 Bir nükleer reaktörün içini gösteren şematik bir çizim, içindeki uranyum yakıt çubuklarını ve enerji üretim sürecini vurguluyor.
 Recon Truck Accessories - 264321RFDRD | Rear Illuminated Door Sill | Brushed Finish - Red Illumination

^^^^^^^^^^^^^^^^

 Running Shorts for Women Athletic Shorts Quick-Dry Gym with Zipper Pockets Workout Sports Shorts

^^^^^^^^^^^^^^^^

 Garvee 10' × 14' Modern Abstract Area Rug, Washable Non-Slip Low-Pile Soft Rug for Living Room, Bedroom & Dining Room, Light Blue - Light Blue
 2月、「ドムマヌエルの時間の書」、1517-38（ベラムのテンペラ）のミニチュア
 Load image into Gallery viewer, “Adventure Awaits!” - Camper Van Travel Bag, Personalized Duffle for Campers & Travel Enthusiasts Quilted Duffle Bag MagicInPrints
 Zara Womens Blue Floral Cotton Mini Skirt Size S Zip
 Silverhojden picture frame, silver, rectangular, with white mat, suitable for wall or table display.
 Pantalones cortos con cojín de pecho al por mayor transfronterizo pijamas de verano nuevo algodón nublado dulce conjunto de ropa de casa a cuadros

^^^^^^^^^^^^^^^^

#### What is needed
Above are the records; copy exactly the lines from the line with "2月、「ドムマヌエルの時間の" through the line with "Zara Womens Blue", both included.

#### The completed task
 2月、「ドムマヌエルの時間の書」、1517-38（ベラムのテンペラ）のミニチュア
 Load image into Gallery viewer, “Adventure Awaits!” - Camper Van Travel Bag, Personalized Duffle for Campers & Travel Enthusiasts Quilted Duffle Bag MagicInPrints
 Zara Womens Blue Floral Cotton Mini Skirt Size S Zip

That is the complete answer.